На следующий день нас развели по полкам, и началась нормальная армейская жизнь. Первый год, наверно, мало чем отличался от службы любого парня, впервые попавшего в армию: курс молодого солдата, присяга, строевая подготовка, уставы, муштра, материальная часть (знакомство с оружием), стрельбы. Не было только дедовщины. Даже такого слова тогда еще не существовало. Что же касается наших двух соседних рот, то мы вообще оказались на особом положении.

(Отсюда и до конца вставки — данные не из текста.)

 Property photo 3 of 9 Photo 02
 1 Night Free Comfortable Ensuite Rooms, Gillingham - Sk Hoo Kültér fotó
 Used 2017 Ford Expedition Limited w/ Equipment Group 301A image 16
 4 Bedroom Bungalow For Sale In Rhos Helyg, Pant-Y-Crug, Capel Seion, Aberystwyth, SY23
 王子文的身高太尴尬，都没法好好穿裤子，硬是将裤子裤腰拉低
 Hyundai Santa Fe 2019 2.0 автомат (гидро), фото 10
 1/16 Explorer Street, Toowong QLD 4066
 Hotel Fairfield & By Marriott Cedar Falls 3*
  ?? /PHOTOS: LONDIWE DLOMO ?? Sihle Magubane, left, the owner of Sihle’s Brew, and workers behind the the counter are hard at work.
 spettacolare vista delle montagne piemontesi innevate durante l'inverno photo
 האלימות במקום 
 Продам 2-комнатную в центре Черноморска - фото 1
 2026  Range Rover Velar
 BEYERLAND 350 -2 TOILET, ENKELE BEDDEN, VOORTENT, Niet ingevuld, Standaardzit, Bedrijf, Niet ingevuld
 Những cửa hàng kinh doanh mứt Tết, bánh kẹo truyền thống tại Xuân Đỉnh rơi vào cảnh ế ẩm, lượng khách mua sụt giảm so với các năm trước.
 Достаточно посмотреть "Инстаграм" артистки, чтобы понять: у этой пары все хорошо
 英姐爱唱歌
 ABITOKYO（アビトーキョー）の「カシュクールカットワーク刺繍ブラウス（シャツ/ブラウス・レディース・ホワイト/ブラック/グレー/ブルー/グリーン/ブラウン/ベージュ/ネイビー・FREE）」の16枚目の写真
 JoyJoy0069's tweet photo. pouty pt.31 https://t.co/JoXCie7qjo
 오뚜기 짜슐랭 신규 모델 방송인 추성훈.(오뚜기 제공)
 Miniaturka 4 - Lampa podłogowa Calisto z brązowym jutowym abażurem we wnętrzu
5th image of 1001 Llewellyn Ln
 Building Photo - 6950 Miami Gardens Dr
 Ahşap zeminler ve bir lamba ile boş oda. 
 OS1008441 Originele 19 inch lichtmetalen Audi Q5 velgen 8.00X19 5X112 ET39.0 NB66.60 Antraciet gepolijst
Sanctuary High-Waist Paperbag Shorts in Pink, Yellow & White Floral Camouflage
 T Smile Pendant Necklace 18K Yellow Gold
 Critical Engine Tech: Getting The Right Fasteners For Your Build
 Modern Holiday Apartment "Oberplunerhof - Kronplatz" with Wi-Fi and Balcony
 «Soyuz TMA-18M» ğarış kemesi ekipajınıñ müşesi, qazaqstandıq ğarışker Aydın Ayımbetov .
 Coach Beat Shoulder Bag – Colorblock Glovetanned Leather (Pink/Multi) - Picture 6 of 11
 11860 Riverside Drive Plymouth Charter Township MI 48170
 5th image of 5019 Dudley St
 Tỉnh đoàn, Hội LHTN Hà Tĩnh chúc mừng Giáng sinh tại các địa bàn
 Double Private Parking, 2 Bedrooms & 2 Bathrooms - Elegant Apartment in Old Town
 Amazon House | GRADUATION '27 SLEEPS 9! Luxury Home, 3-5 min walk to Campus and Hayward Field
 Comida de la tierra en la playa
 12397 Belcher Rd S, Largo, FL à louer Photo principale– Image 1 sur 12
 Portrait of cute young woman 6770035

Г. К. Жуков, тогдашний министр обороны, создал школы офицеров запаса из ребят со средним образованием. Эти школы, правда, просуществовали недолго. Они подготовили один или два выпуска. Нас в шутку называли «академиками», и даже командир полка, как нам казалось, нас слегка побаивался. Уж очень сплоченными мы оказывались, если нужно было на чем-то настоять. Однажды это выразилось в забастовке. Кончились многодневные, трудные учения. Сыграли отбой. И не дав нам отдохнуть и не накормив нас обедом, роты построили и повели в казармы. До казарм нужно было идти несколько часов. Некоторые не выдерживали, падали без сил, и их доставляли в полки на подводах. По уставу время между кормежками солдат не должно превышать 6 часов. И, если бы после отбоя нас накормили, мы бы успели отдохнуть, были бы сыты и у людей, возможно, хватило бы сил, чтобы добраться домой. Недовольные, мы, вернувшись в казармы, вместо того чтобы чистить оружие (что после учений положено делать сразу же), поставили его в пирамиды и легли спать. На команды старшины: «Встать! Строиться!» или угрозы: «Всех отправлю на Губу!» — казарма отвечала гробовым молчанием. Не найдя командира роты, старшина привел командира батальона. Тот стал грозить трибуналом. Но эффект был тот же. И только когда разыскали нашего ротного, которого все ребята уважали и который просто обратился к нам с просьбой, чтобы мы прекратили забастовку, поскольку она скажется на его дальнейшей службе, мы вылезли из-под одеял и принялись за чистку оружия. Поговаривали, что это происшествие напугало даже командира полка. И немудрено. 120 вооруженных солдат, вышедших из повиновения, могли совершить массу непредсказуемого. Это было очень серьезное ЧП. И если бы, не дай бог, слух о нем дошел до дивизионного или тем более армейского начальства, командир полка не только слетел бы со своей должности, но и мог надолго попасть в «места не столь отдаленные». Поэтому в тот же вечер перед нами извинились, объяснив, что произошли какие-то неполадки с полевыми кухнями. А сам эпизод был забыт.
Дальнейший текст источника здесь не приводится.